### [Activity]
Reproduce the data below in full and to the letter, images excepted.

### [Material provided]
BEGIN

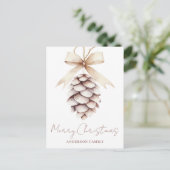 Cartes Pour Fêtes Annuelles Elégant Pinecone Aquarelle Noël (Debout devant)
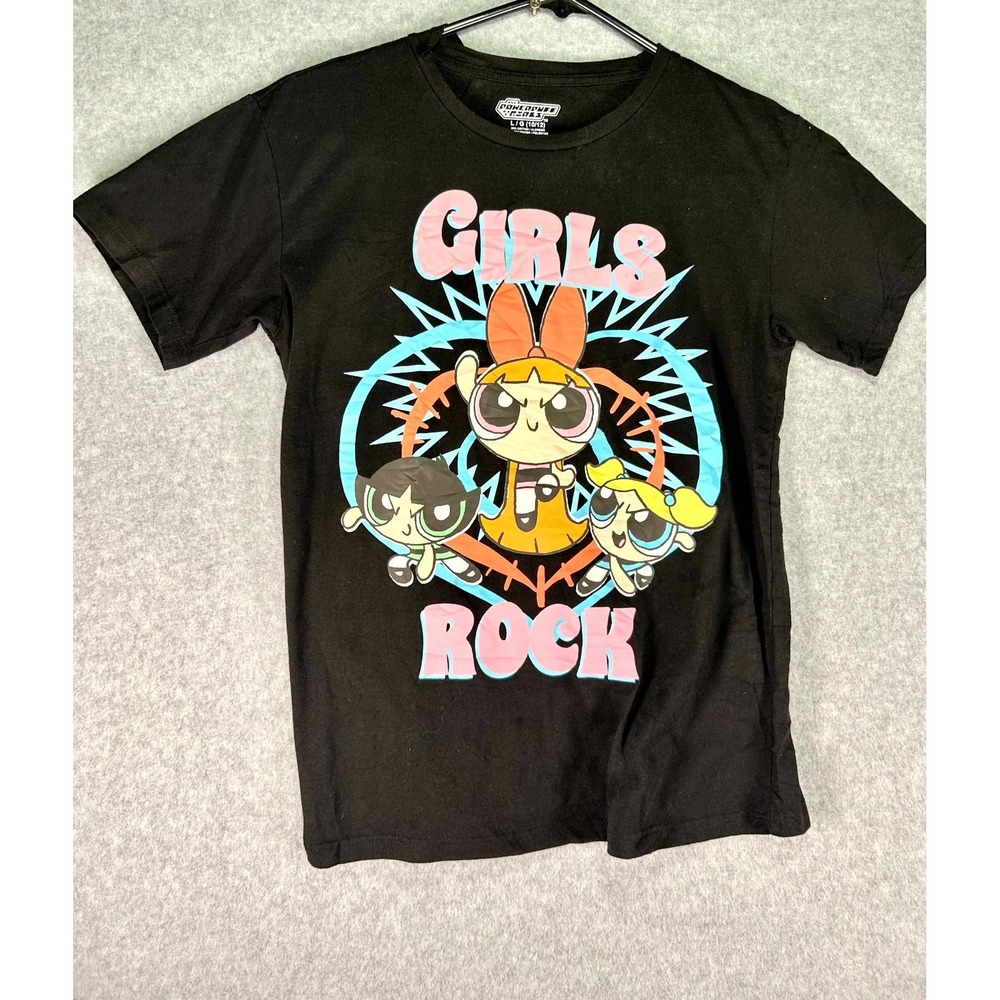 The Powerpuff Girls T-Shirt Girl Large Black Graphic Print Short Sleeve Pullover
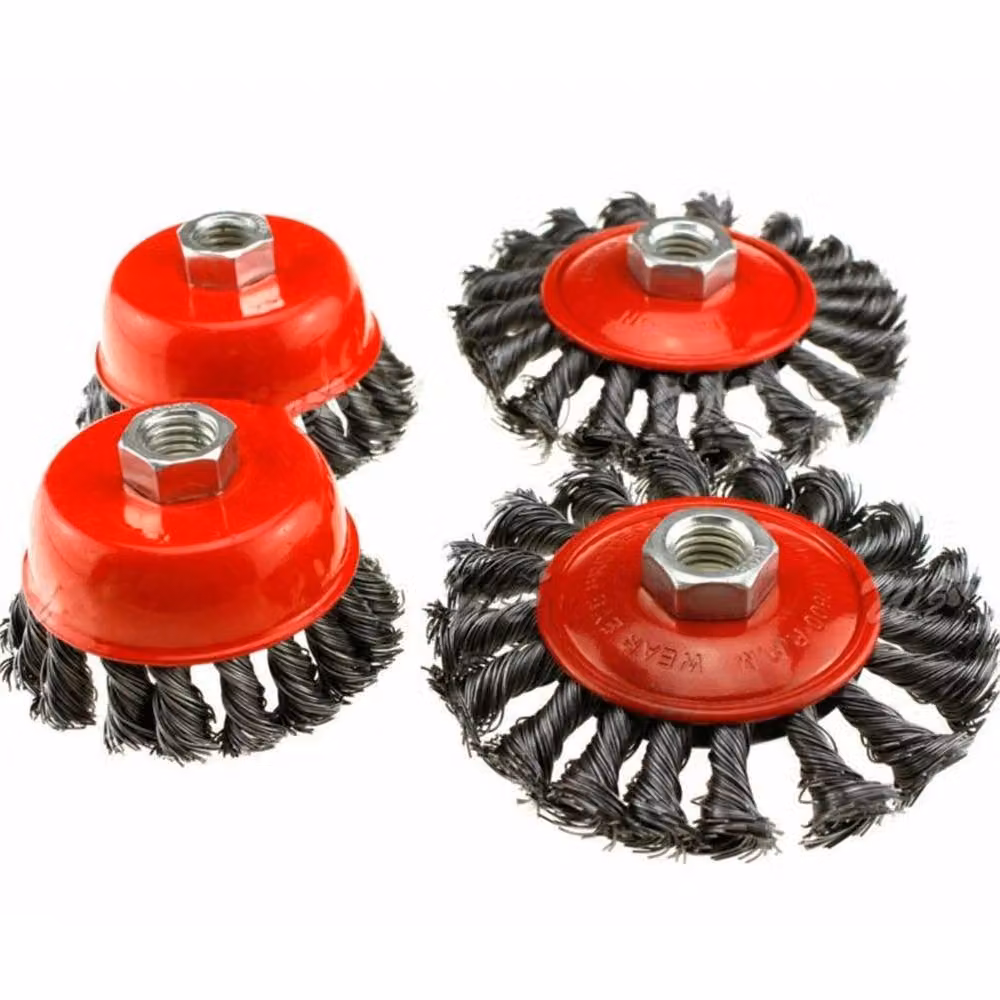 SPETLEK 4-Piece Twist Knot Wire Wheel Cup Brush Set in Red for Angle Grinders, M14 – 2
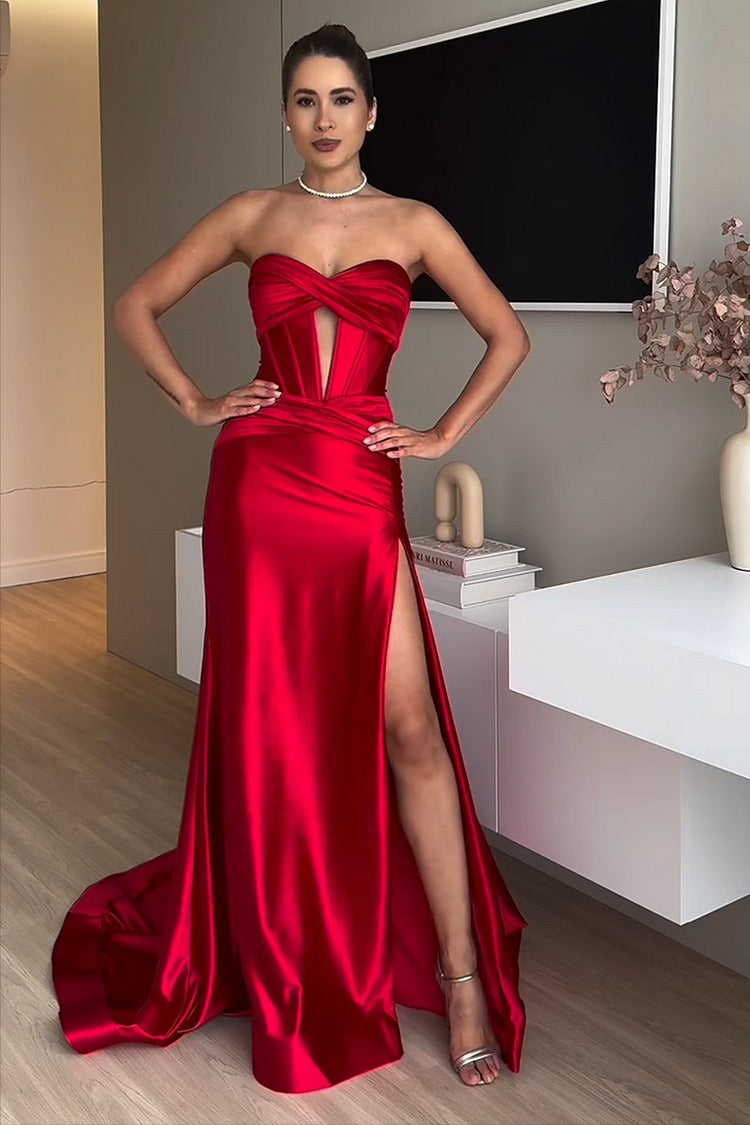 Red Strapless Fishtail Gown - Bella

END

### [Answer to this task]
 Cartes Pour Fêtes Annuelles Elégant Pinecone Aquarelle Noël (Debout devant)
 The Powerpuff Girls T-Shirt Girl Large Black Graphic Print Short Sleeve Pullover
 SPETLEK 4-Piece Twist Knot Wire Wheel Cup Brush Set in Red for Angle Grinders, M14 – 2
 Red Strapless Fishtail Gown - Bella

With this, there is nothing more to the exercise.